Album Of The Week: Mitski – The Land Is Inhospitable And So Are We

The indie singer-songwriter explores love in all its forms, against a backdrop of cinematic folk


Mitski has fallen in love. And she’s fallen out of it. She’s been given it, and she’s had it torn away, and she’s mourned it, and she’s celebrated it. On The Land Is Inhospitable And So Are We, the singer-songwriter explores all of these states of being, and posits that both in the act and in its absence, love is chaos.

Described by Mitski as her “most American album”, The Land Is Inhospitable And So Are We interweaves guitar-led Americana with cinematic strings. Sometimes we are sitting with her around the campsite, sometimes were are meeting her in a romantic-comedy Hollywood dreamscape, but we always hear something raw, real and full of feeling.

Mitski - Bug Like an Angel (Official Video)

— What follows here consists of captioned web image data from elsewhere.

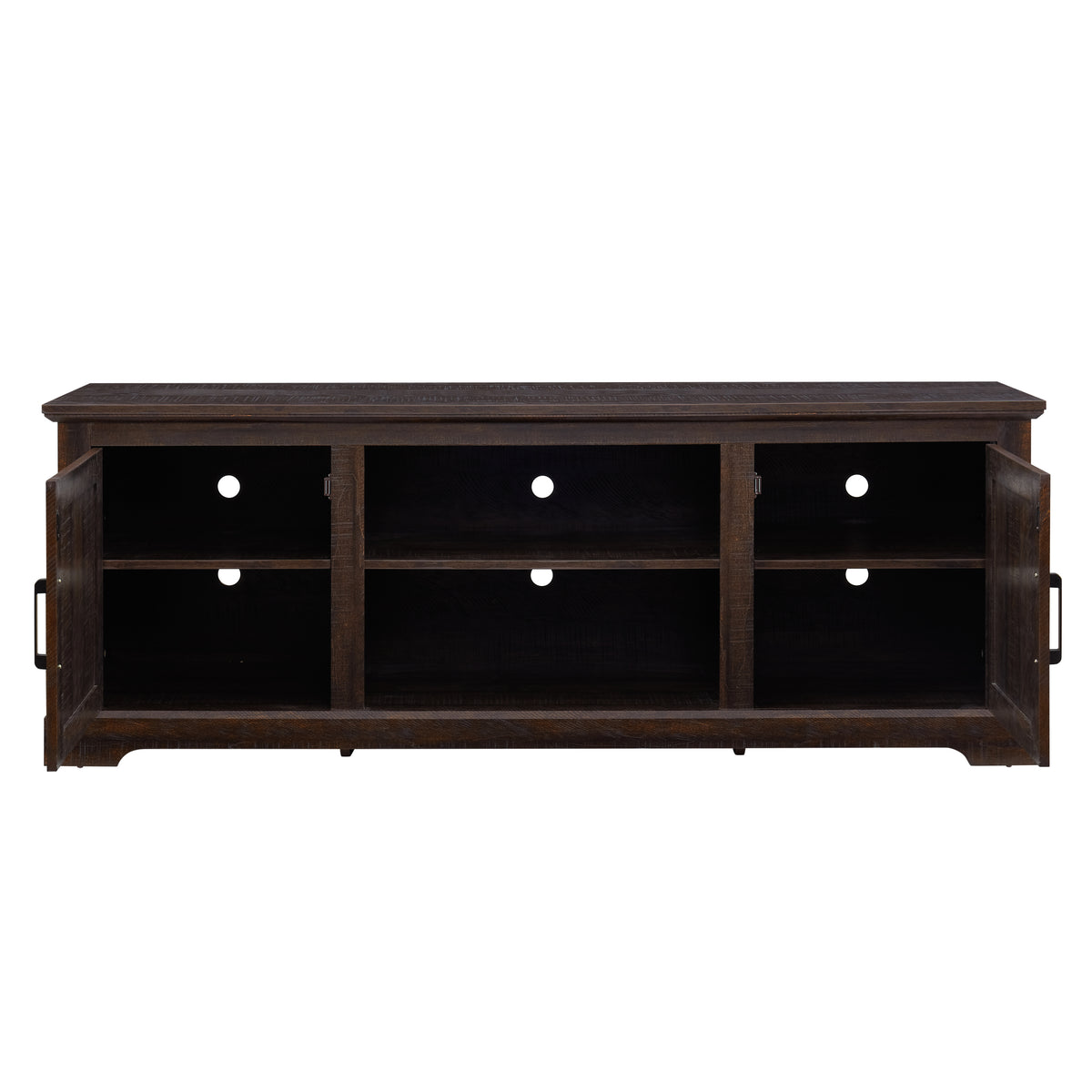 Farmhouse Rattan Tv Stand Console Table For Tvs Up To 70 Inches, Tv Console Table With 2 Storage Shelves, 2 Natural Rattan Door Cabinets, 65"W*15.55"D*23.86"H, Espresso Espresso 60 69 Inches Mdf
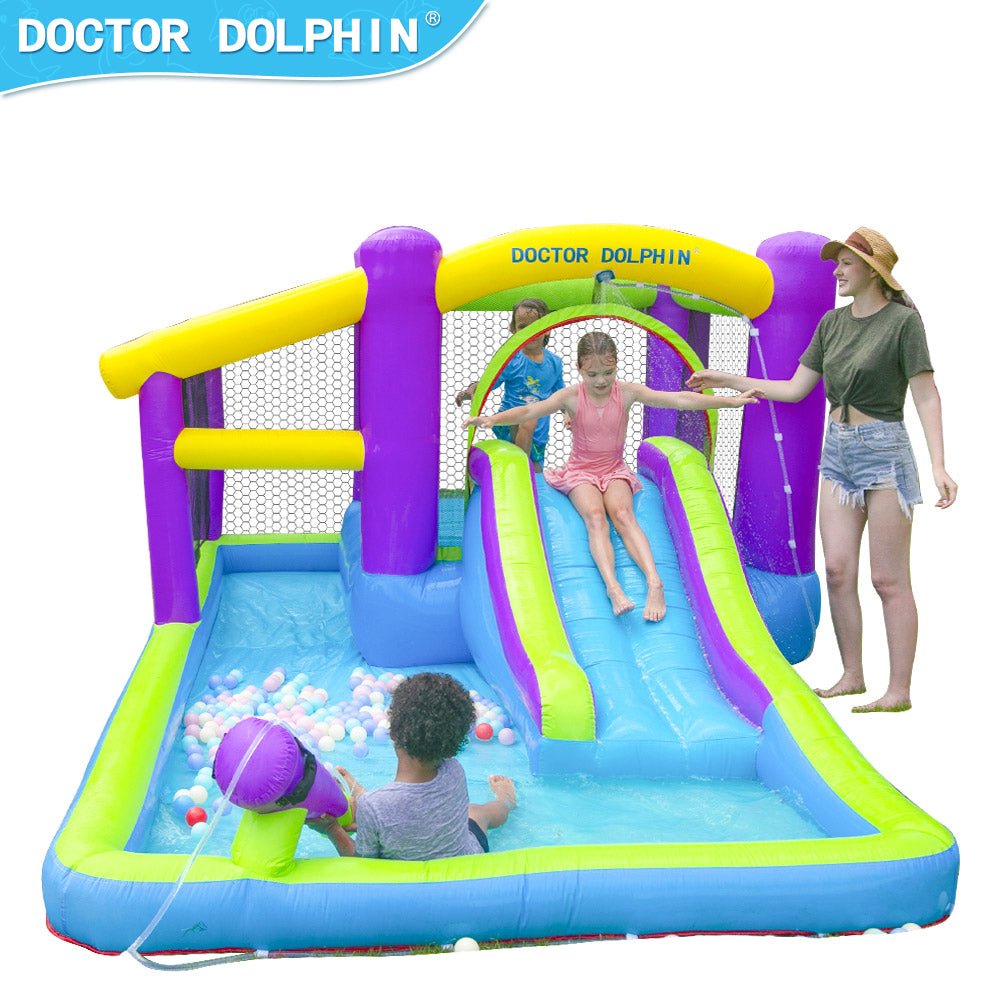 Inflatable Bounce House 5 in 1 Water Slide Jumping Park With Splashing Pool Water Cannon Including Carry Bag Stakes Repair Kit Hose (with 450W Air Blower)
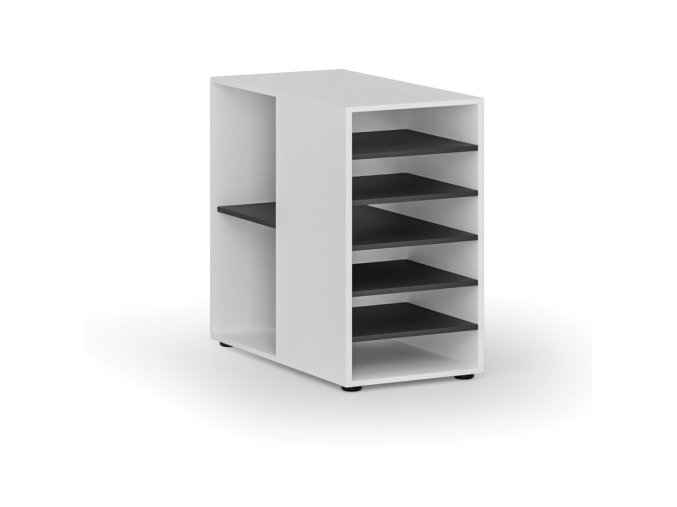 pristavna policova skrinka k pracovnimu stolu primo white leva bila grafit 86871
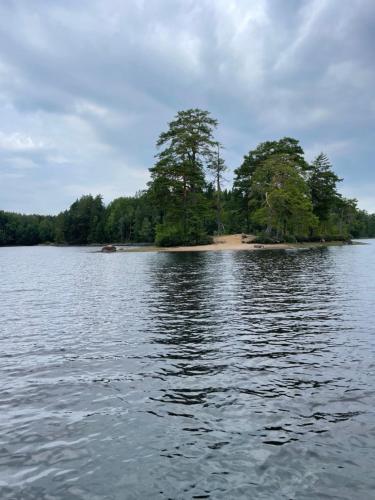 ÅbyRenoverat boende med närhet till Kolmårdens djurpark的水体中间的一个岛屿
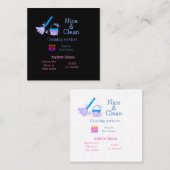 Blauw roze glitter clean mop naam adres toevoegen  vierkante visitekaartje (Voorkant / Achterkant)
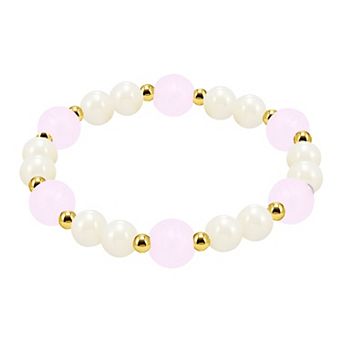 Aleure Precioso 18k Gold Flash Plated Gemstone Beaded Stretch Bracelet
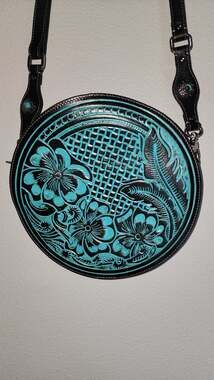 Myra Bag Pinetop Canyon Small Hand Tooled Round Leather Crossbody Bag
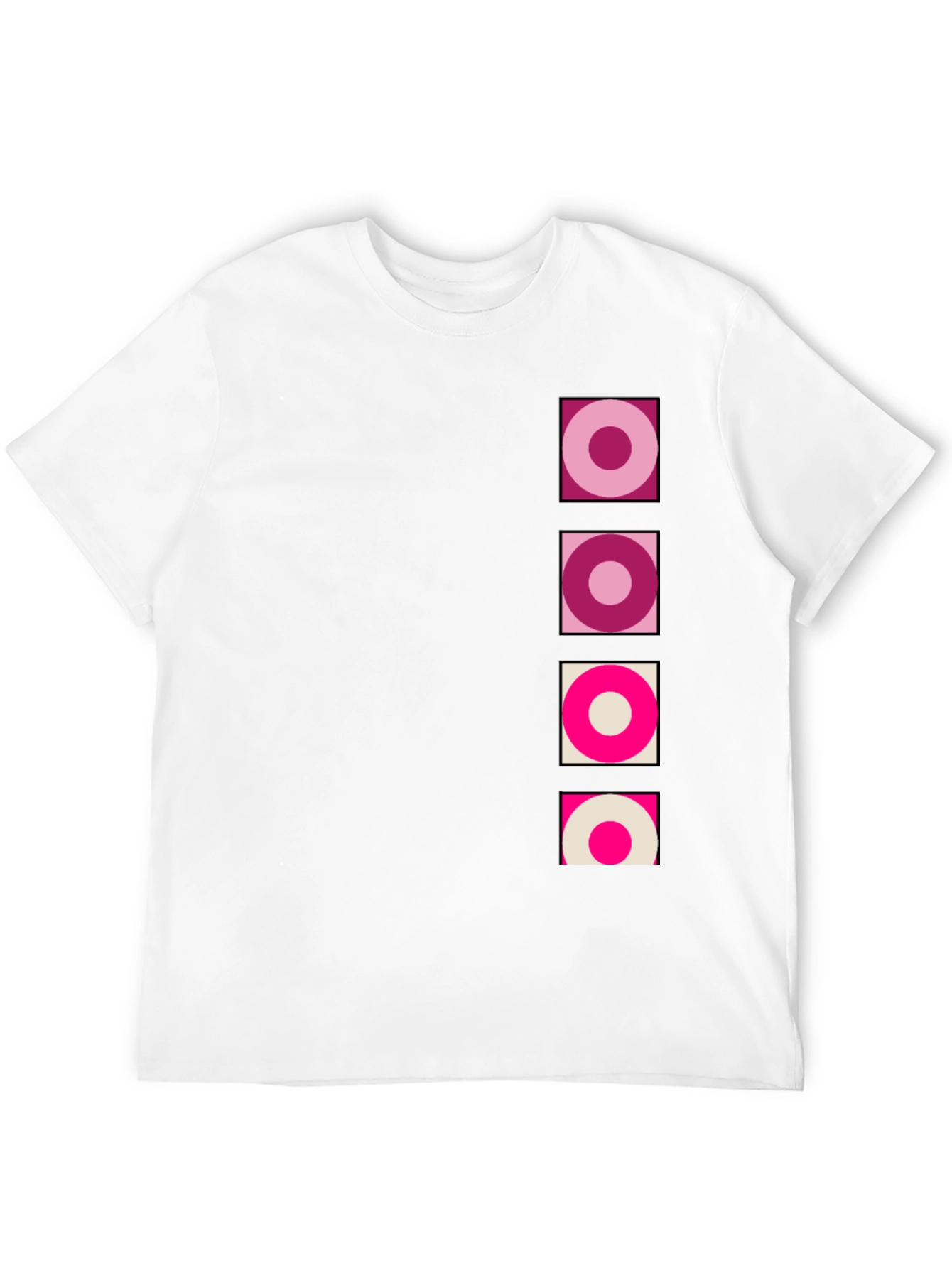 Retro Circle Design Black T-Shirt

There is no typical Mitski sound and the singer has never leaned overwhelmingly into any particular genre. But the intimate, analogue sonics of her seventh album, occasionally imbued with stirring orchestrations and staticky drones, feel easy and natural for her as she pours out her firelight confessions. Album opener, ‘Bug Like An Angel’, reveals to us that she is lonely, dreaming of choirs that echo her cry for “family” and disappear as quickly as they arrive.

The wistful Stevie Nicks-esque ‘I Don’t Like My Mind’ is more explicitly insecure, as Mitski asks not to be left to her own devices and begs, “Please don’t take, take my job from me.” In ‘The Deal’, she elaborates on her self-destructiveness, making a midnight deal to give away her soul in exchange for nothing but the consequences. “I can’t bear to keep it/I’d give it just to give,” she pleads.

Mitski - Heaven (Official Lyric Video)

Love is a saving grace; a deliverance from herself. String-drenched ‘Heaven’ celebrates an all-consuming love, with fluttering wind lines and triumphant piano. ‘My Love All Mine’ sounds like the song in a 90s romantic comedy that plays mid-movie, when everything has just started to look beautiful. “My baby here on earth showed me what my heart was worth,” croons Mitski over a sultry instrumental. But, as the album’s title suggests, none of this is sustainable – the ending is coded in from the start.

Mitski - Star (Official Lyric Video)

The album’s final four tracks tell a deliberate, chronological story. ‘The Frost’ sees Mitski watch the world turn colder, musing now she has no one to share her musings with. “You’re my best friend,” she sings. “Now I’ve no one to tell how I lost my best friend.” It’s a brutal line. ‘The Frost’ leads into ‘Star’, as Mitski watches the love burn out, travelled far away from her but still brightly visible. ‘Star’ is the album at its most cinematic, building from piano, vocals and an underlying drone to a cacophony of strings and a twinkling synth riff.

A return to Americana arrives in the form of ‘I’m Your Man’, in which Mitski weaves in rumbling beats and dog barks as she confesses, “You believed me like a god/I destroyed you like I am”. The realisation that this may have been the greatest love she’ll ever have hurts as much as the understanding that she had a hand in ruining it.

By closer ‘I Love Me After You’, she’s learning to be kinder to herself – doing her skincare, brushing her hair, drinking water. It’s not a gentle, comfortable ending. Noisy, gritty distortion takes over the track as Mitski vocalises, insistent that her life and home is her own now and she’s happy with that, even whilst her sonics betray her. But it is a hopeful one. Love of all kinds is uncomfortable, but Mitski isn’t afraid to be uncomfortable anymore.